Figure 3. The induction of TXNIP under lactic acidosis.

(A) The amount of glucose uptake of the MCF-7 under control, lactic acidosis and glucose deprivation conditions. (B) Heat map shows expression of the 115 selected probe sets in MCF-7 placed in control, lactic acidosis, glucose deprivation and hypoxia for four hours with the probe sets for TXNIP highlighted. (C) The level of TXNIP transcripts determined by real-time PCR in the MCF-7 under indicated conditions. (D) The level of TXNIP transcripts determined by real-time PCR in the MCF-7 under the four indicated conditions for lactic acidosis and glucose level. (E, F) The level of TXNIP determined by real-time PCR (E) and Western blot (F) in the MCF-7 under five indicated conditions with or without acidity (pH 6.7) and carrying levels of lactate (10, 12.5 or 25 mM). (G) The amount of glucose uptake of the MCF-7 under control, acidosis, lactosis (25mM) and lactic acidosis (25mM) conditions.

Figure 4. Identification of TXNIP as a regulator of lactic acidosis response.

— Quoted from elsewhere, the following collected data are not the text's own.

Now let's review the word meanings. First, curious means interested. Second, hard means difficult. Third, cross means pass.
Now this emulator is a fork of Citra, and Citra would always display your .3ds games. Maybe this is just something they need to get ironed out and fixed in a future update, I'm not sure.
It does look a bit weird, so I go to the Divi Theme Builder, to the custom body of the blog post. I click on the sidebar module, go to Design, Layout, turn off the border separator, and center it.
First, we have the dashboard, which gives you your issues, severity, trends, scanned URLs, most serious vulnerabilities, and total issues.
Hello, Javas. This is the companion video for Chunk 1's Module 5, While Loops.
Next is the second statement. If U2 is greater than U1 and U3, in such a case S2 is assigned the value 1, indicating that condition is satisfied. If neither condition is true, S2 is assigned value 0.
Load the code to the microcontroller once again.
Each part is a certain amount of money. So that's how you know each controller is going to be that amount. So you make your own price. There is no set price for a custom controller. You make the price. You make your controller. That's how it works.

(A) The level of TXNIP proteins treated with control or siRNAs against TXNIP under control or lactic acidosis conditions. (B) The level of glucose uptake in the MCF-7 treated with the indicated conditions. Lactic acidosis caused 52% repression of glucose uptake in MCF7 cells transfected with non-targeting siRNAs (-) as negative control. In cells transfected with two different siTXNIPs (T1, T2), glucose uptake was increased and the repressing effect of lactic acidosis was decreased to 39% and 44% respectively. (C) Lactic acidosis caused 68% repression in wild-type (WT) MEF cells but only 28% repression in TXNIP knockout (TKO) MEF cells. (D) The gene expression response of wild type and TXNIP deficient MEF cells was shown when exposed to 10mM lactic acidosis conditions. 1327 probes sets showing with at least 1.7 fold changes in at least two samples were selected and arranged by hierarchical clustering according to similarities in expression patterns. Clusters of genes whose induction and repression was most affected by TXNIP are marked and further expanded with the names of selected genes shown. (E) The effect of the control and lactic acidosis (10mM LA and 25mM LA) on the cell growth in percentage of the wild type and TXNIP deficient MEF cells.

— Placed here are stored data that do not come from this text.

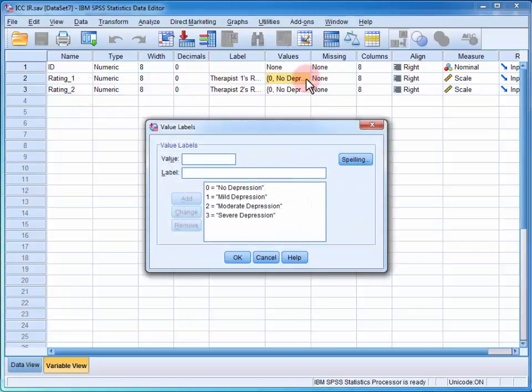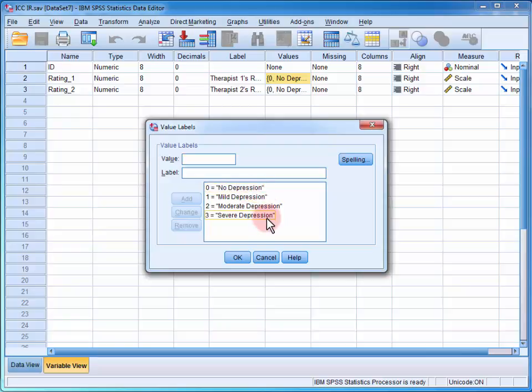We can see that depression is scored with four levels, ranging from no depression to severe depression.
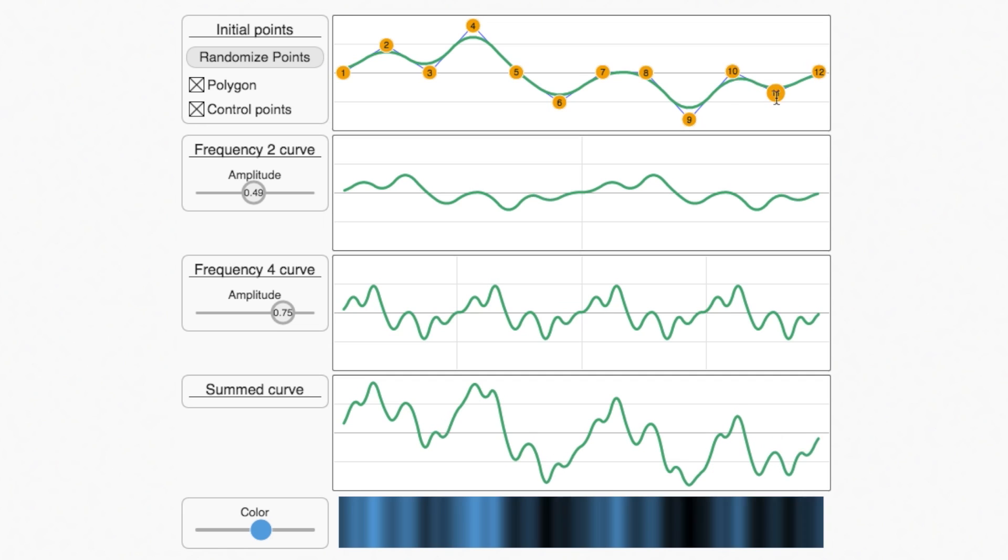Now it's your turn to try this out. In the next exercise, we will test your understanding of these multi-resolution curves, and then we can move into higher dimensions.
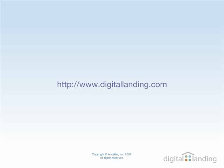Please go to Digitallanding.com for more information, other screencasts, and articles about your digital lifestyle.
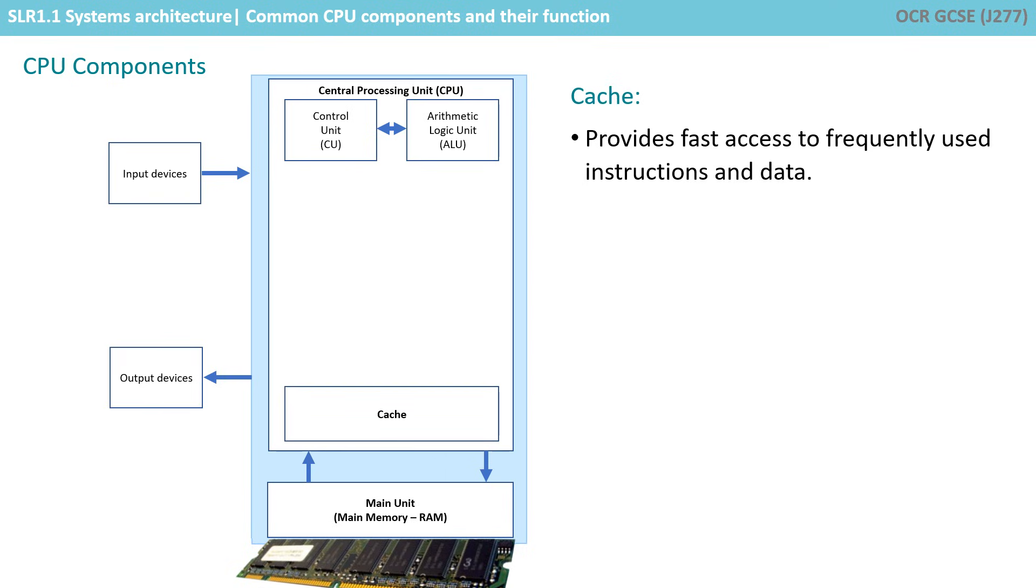Next is the cache. This is a small amount of very fast memory which is typically located either very close to or actually inside the CPU itself. Its purpose is to provide fast access to frequently used instructions and data. Information fetched or written to cache is done much quicker than information fetched or written to main memory.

Figure 5. MondoA is responsible for the TXNIP induction under lactic acidosis.

(A) The fold of induction of normalized luciferase activities under lactic acidosis for the indicated reporter constructs driven by wild type TXNIP promoter, TXNIP promoter with the ChoRE mutated and ARRDC4 promoters. (B) The physical binding of MondoA to the promoters of TXNIP and ARRDC4 was assessed by Chromatin-Immunoprecipitation for MCF-7 cells under lactic acidosis with different indicated pH. (C) The level of MondoA and TXNIP proteins in MCF-7 cells treated with control or two siRNAs against MondoA under control or lactic acidosis conditions. (D) The level of glucose uptake in the MCF-7 treated with the indicated conditions. Lactic acidosis caused 57% repression in MCF7 cells transfected with non-targeting siRNA (-). The repression effect of lactic acidosis was decreased to 44% and 40% with MCF7 cells transfected with two different MondoA siRNAs (M1 and M2). (E) The level of MondoA and TXNIP proteins shown by Western in the indicated mouse embryonic fibroblasts (MEF): lox/lox (MEF with wild type MondoA), −/− (lox/lox MEF with cre overexpression to delete MondoA) and −/−+MondoA FL = −/− reconstituted with FL human MondoA under control, 2-DG, pH 7 and lactic acidosis conditions.

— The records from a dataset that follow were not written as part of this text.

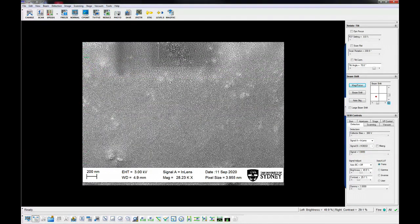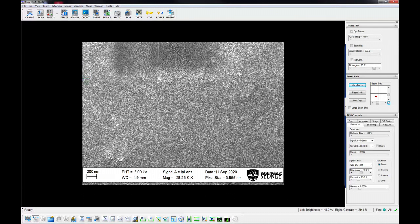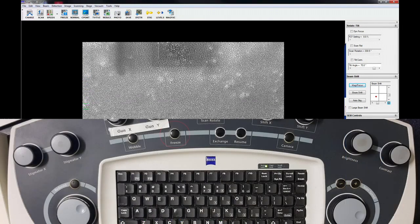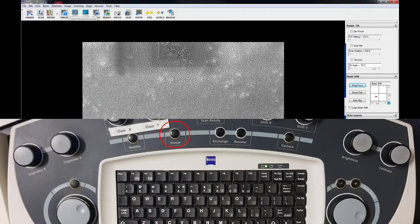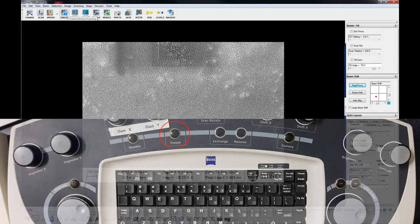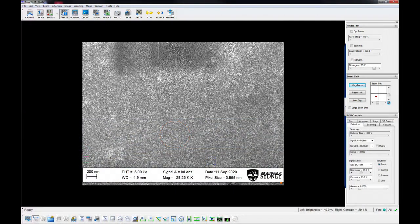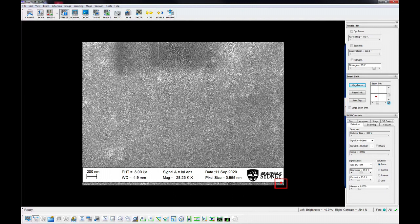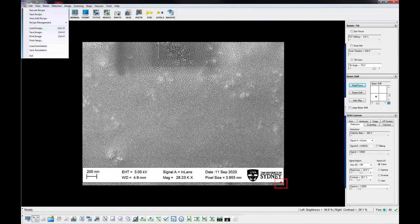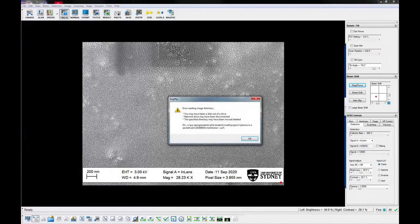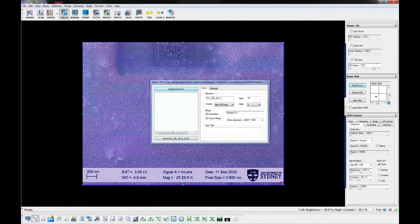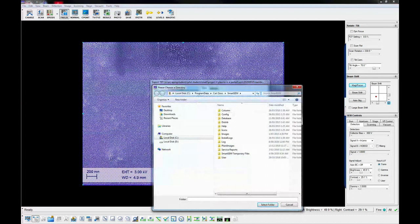Set the scanning option to freeze on end of frame. Press the freeze button. When the frame capture is complete, the orange indicator in the bottom right corner will turn red.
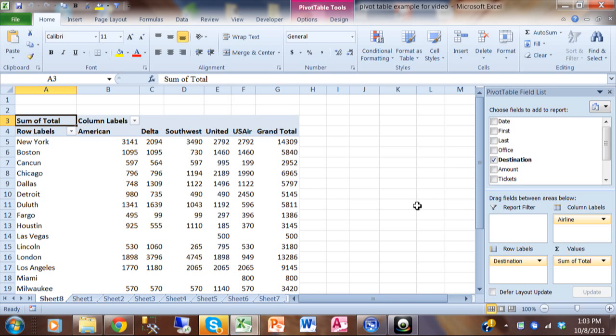Okay, in this video we're going to go a little bit beyond the basics with the pivot table. So I want to show you that in each of these different sections you can have more than one field. In fact, you can have as many as you wanted to.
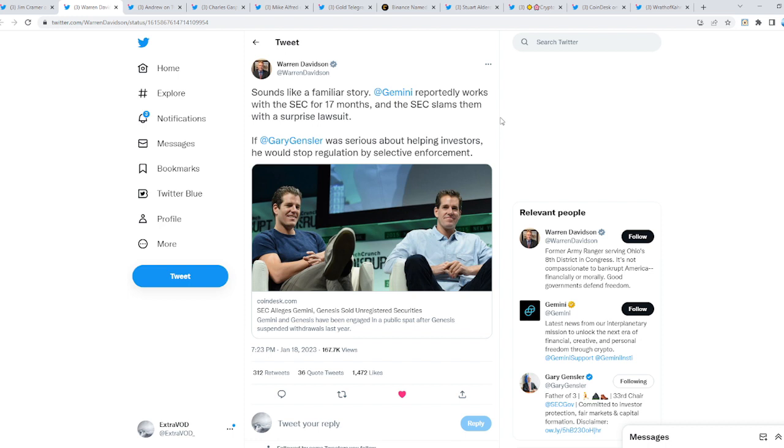Gemini reportedly worked with the SEC for 17 months. Wow, seems very familiar. You guys remember a similar story? The SEC slams them with a surprise lawsuit. What happened with Ripple? Wasn't Brad Garlinghouse and the Ripple team talking with the SEC for a long time, meeting every weekend or two, and then the SEC comes out and sues Ripple?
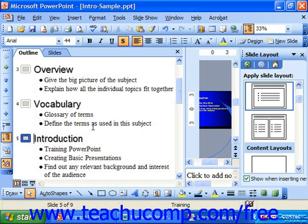If you want to create a slide that has all of your title information of the slides of your presentation as a summary slide, you can do that. A summary slide allows you to select which slides you want to have the summary information appear on, and then just click the summary slide button to insert a summary slide with all of the selected slide titles.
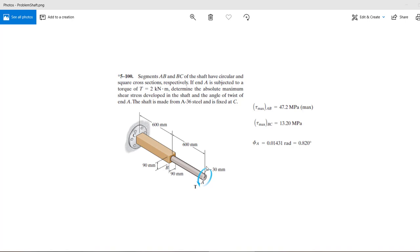Hello everyone and welcome back. Today we are going to solve a shaft problem and we want to see if we get the same set of results and the same rotation as the analytical results.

Figure 6. The expression of TXNIP, ARRDC4, and lactic acidosis pathways in human cancers.

(A,C) The tumors in the indicated dataset stratified by the expression of TXNIP (A) and ARRDC4 (B) were used to generate Kaplan-Meier survival curves for linking clinical outcomes with the TXNIP expression levels. (B,D) Scatter plots showing the relationship between the expression of TXNIP (B) or ARRDC4 (D) (Y-axis) and predicted lactic acidosis pathway activities based on the MCF-7 12 hour lactic acidosis gene signatures (X-axis) in the indicated tumor datasets. Each point in the scatter plots represents a single tumor from the indicated breast cancer data sets. The overall correlation (R) and statistical significance/p-value (p) across all samples is shown.